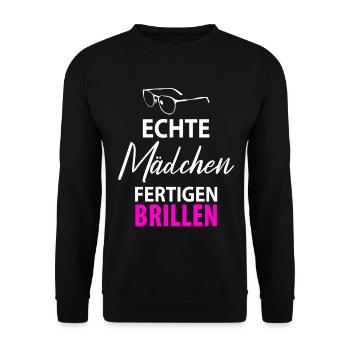 Optiker Augenoptikerin Brille Brillenträgeri Damen - Unisex Pullover - Schwarz - Vorne - Alina (178cm) & Michal (187cm)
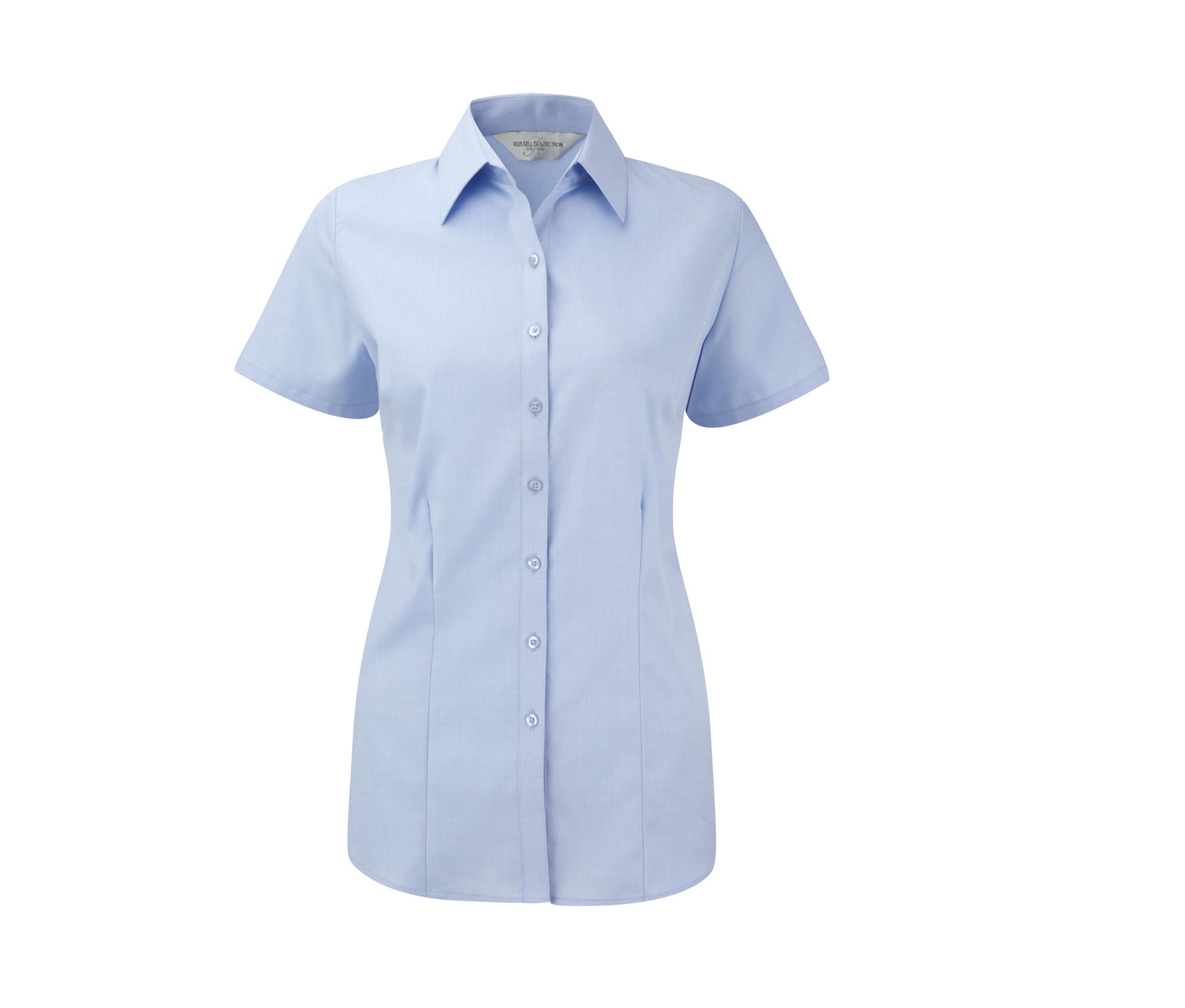 LADIES' SHORT SLEEVE TAILORED HERRINGBONE SHIRT LIGHT BLUE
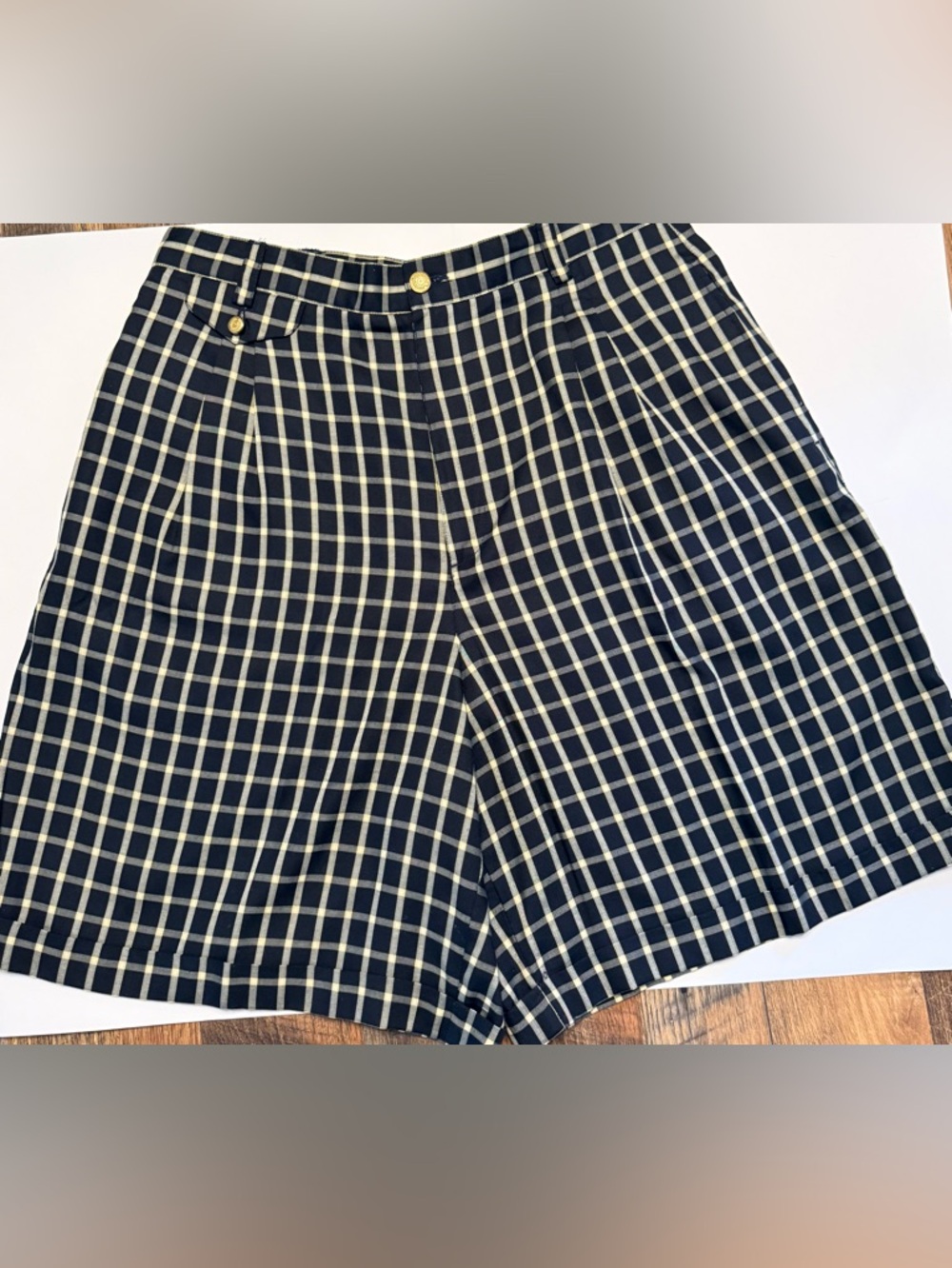 Vintage 90’s Lizsport Bermuda Shorts Plaid High Waist Pleats Size 14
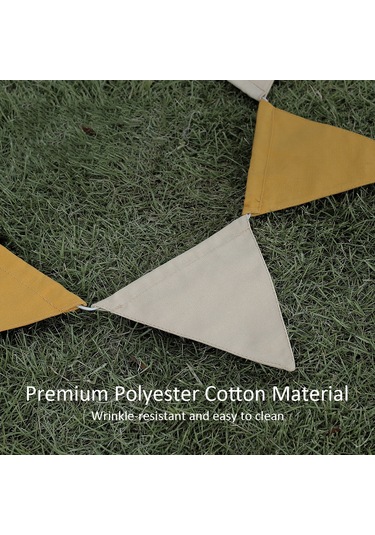 Monyee Kamp Bayrağı Triko Pamuk 10 Adet Sarı-kahverengi 6.2m Teli 18x16.5cm Renkli Çadır Bayrakları Çok Renkli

■ Problem statement
Beginning with the line where "LADIES' SHORT SLEEVE" appears, restate word for word every line down to the last one in the data, but keep the pictures out.

■ Answer below
 LADIES' SHORT SLEEVE TAILORED HERRINGBONE SHIRT LIGHT BLUE
 Vintage 90’s Lizsport Bermuda Shorts Plaid High Waist Pleats Size 14
 Monyee Kamp Bayrağı Triko Pamuk 10 Adet Sarı-kahverengi 6.2m Teli 18x16.5cm Renkli Çadır Bayrakları Çok Renkli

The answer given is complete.